▶ **Exercise directions**
The lines from the one holding "Circle Rose Pink Pattern" to the final line of the listing below are to be duplicated exactly, with both ends included and pictures omitted.
####################
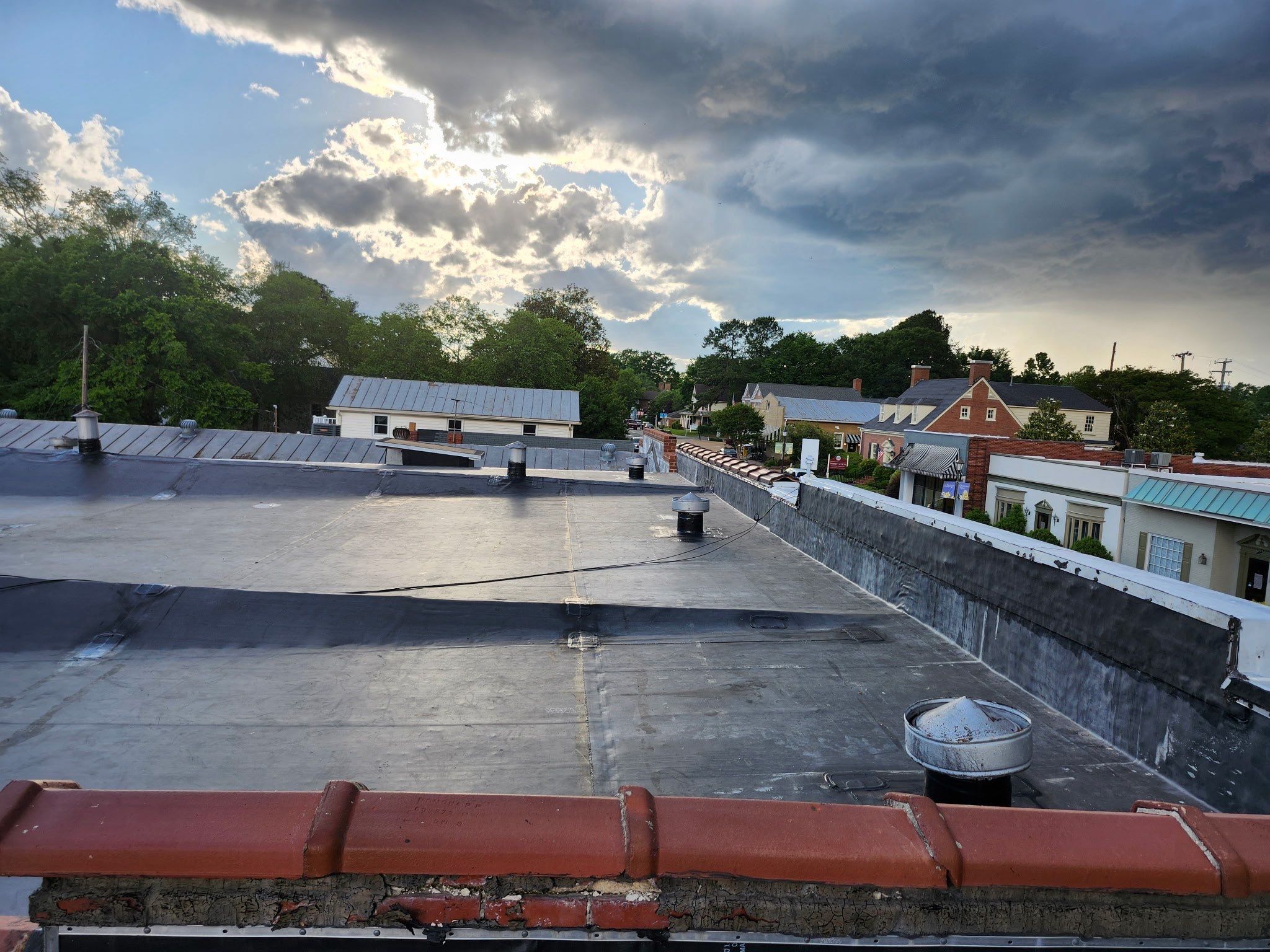 Comprehensive Commercial Roof Replacement in Gloucester Virginia by Cade Construction
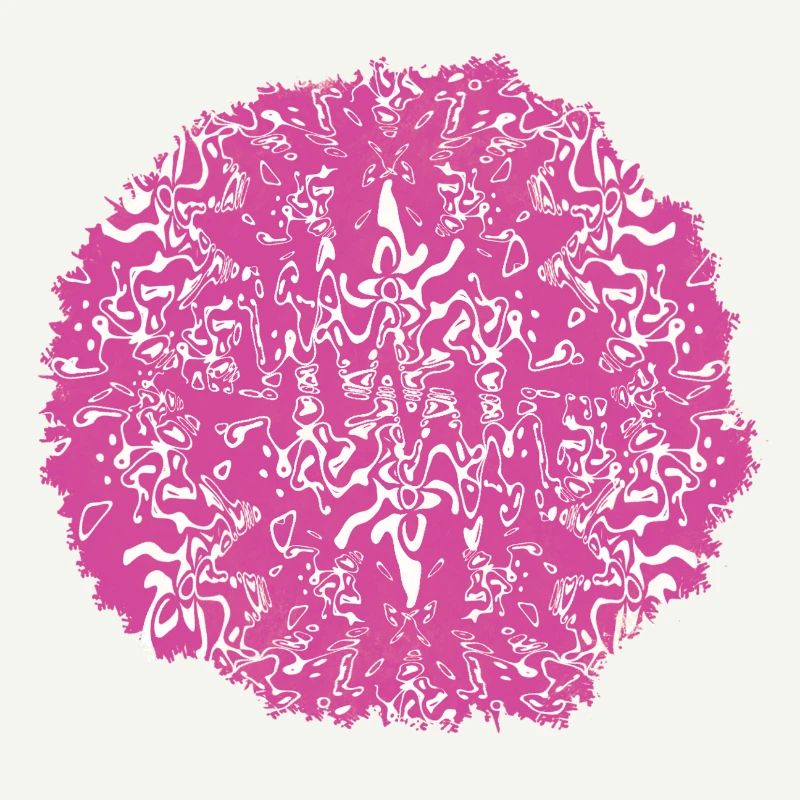 Circle Rose Pink Pattern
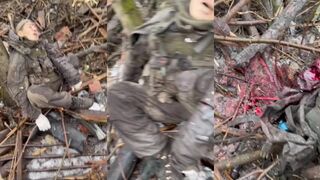 Killed North Korean soldier in Ukraine.
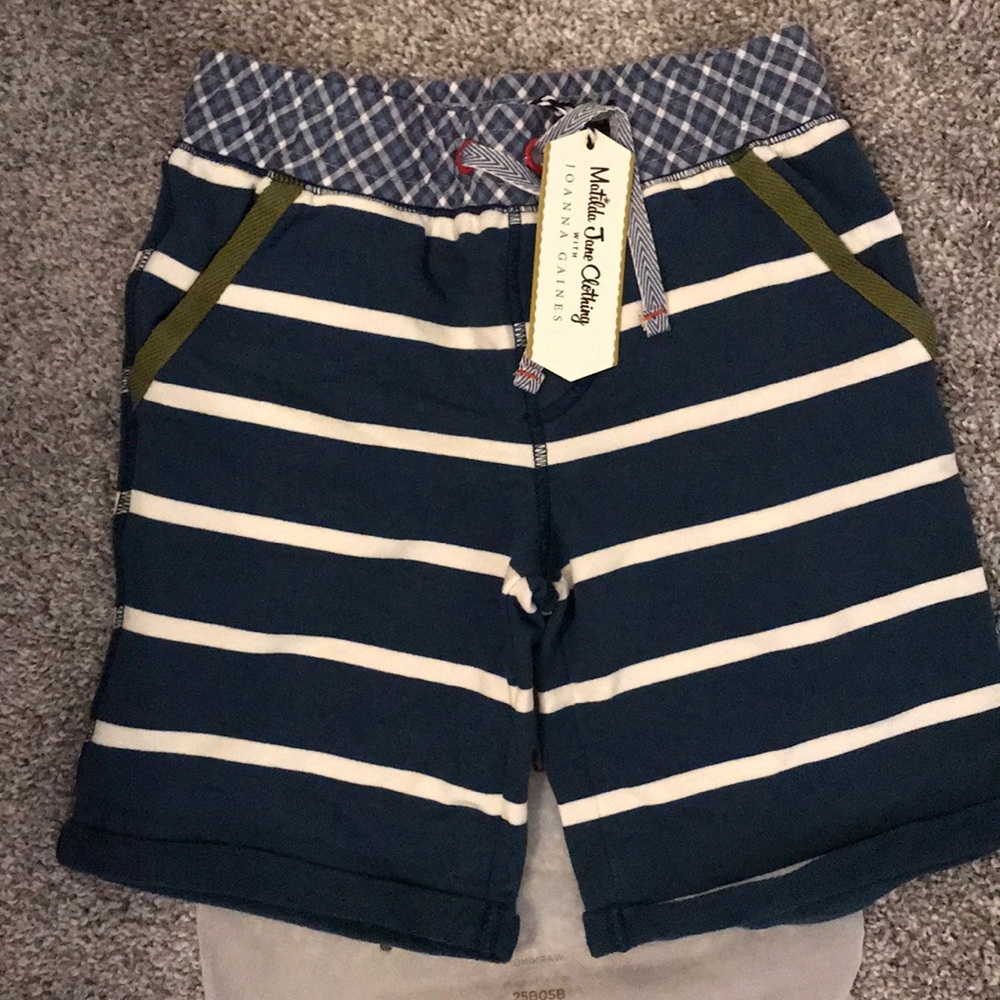 New Matilda Jane Boys Size 4 Shorts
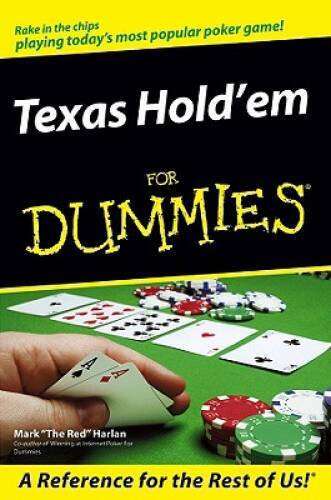 Texas Hold\'em For Dummies - Paperback By Harlan, Mark - GOOD Texas Hold\'em For Dummies - Paperback By Harlan, Mark - GOOD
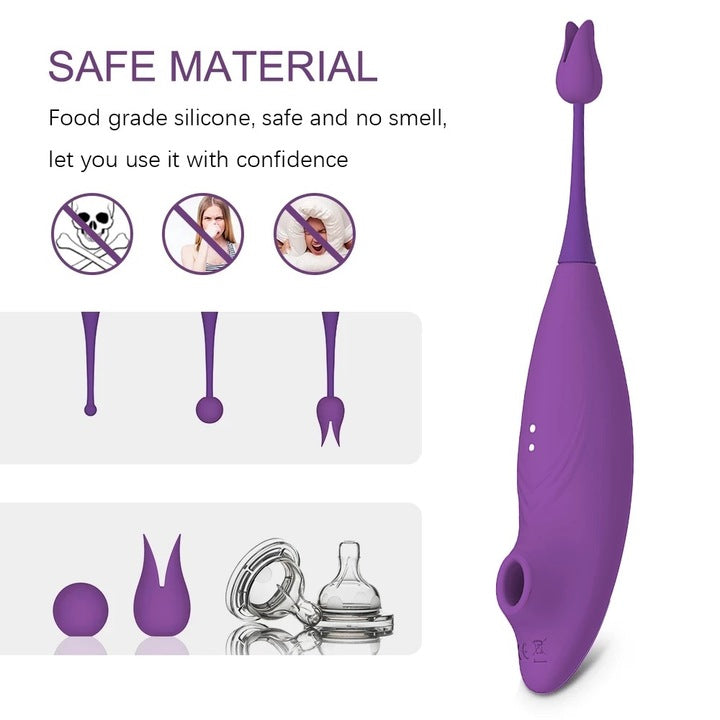 HG Mini USB Rechargeable G-Spot Vibrator for Women Sucking and Vibrating Clit Licker Nipple Massager Female Stimulator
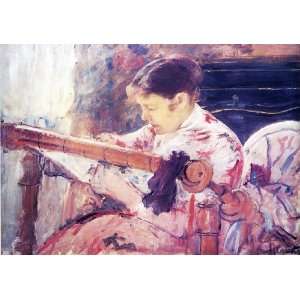   Cassatt   24 x 16 inches   Lydia at  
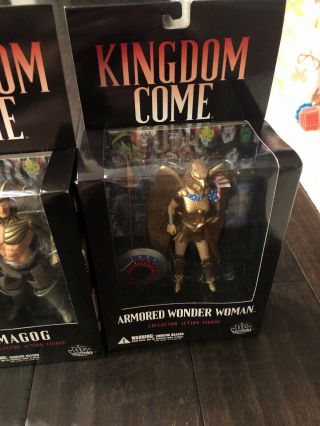 DC Direct Kingdom Come Wave 3 Alex Ross Set of 4 Figures Armored Wonder Women 6
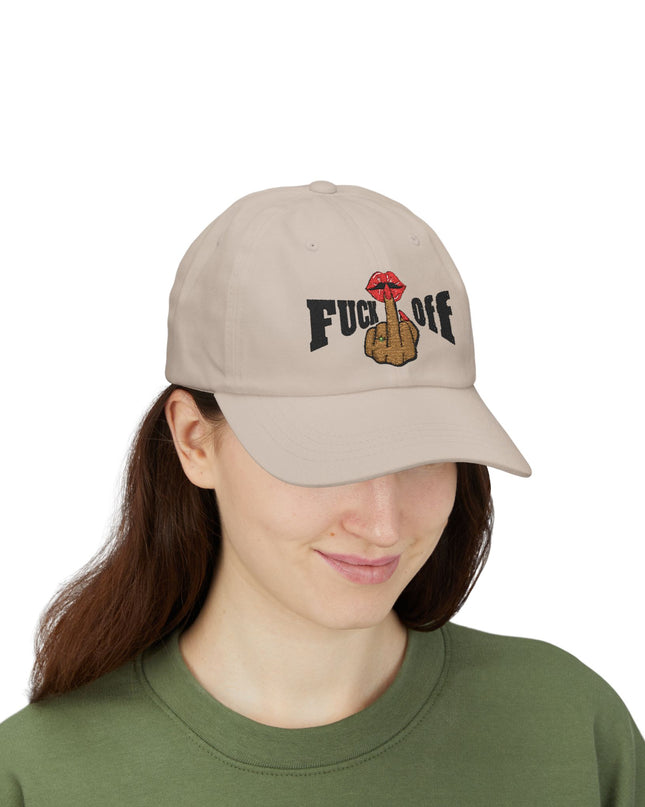 "F**k Off" Lips & Middle Finger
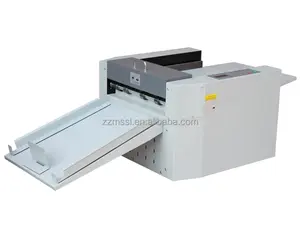 Papier falz maschine Desktop Manuelle Rill-und Perforier falz maschine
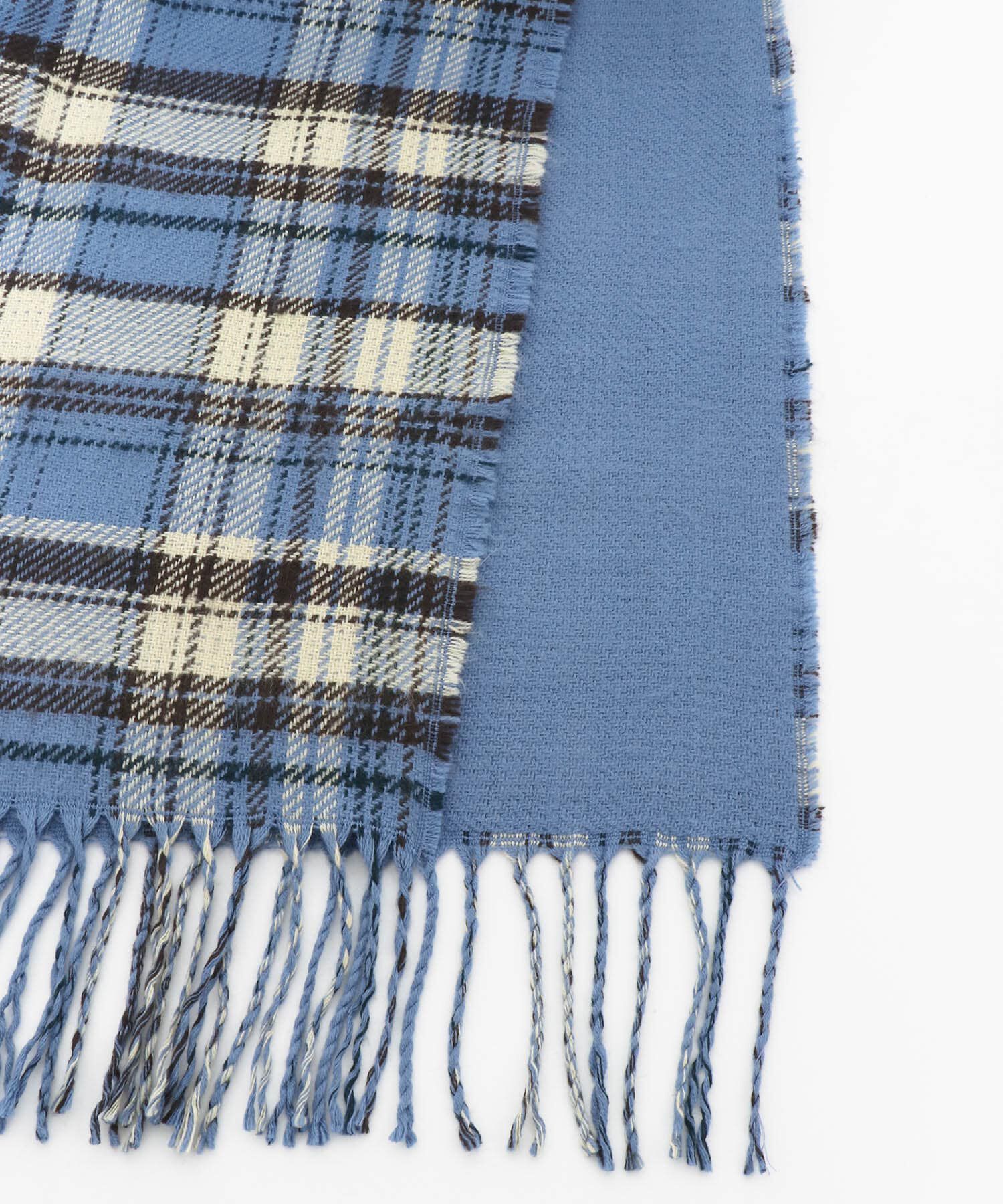  「リバーシブルチェックストール」|マフラー|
####################
▶ **Exercise result**
 Circle Rose Pink Pattern
 Killed North Korean soldier in Ukraine.
 New Matilda Jane Boys Size 4 Shorts
 Texas Hold\'em For Dummies - Paperback By Harlan, Mark - GOOD Texas Hold\'em For Dummies - Paperback By Harlan, Mark - GOOD
 HG Mini USB Rechargeable G-Spot Vibrator for Women Sucking and Vibrating Clit Licker Nipple Massager Female Stimulator
   Cassatt   24 x 16 inches   Lydia at  
 DC Direct Kingdom Come Wave 3 Alex Ross Set of 4 Figures Armored Wonder Women 6
 "F**k Off" Lips & Middle Finger
 Papier falz maschine Desktop Manuelle Rill-und Perforier falz maschine
  「リバーシブルチェックストール」|マフラー|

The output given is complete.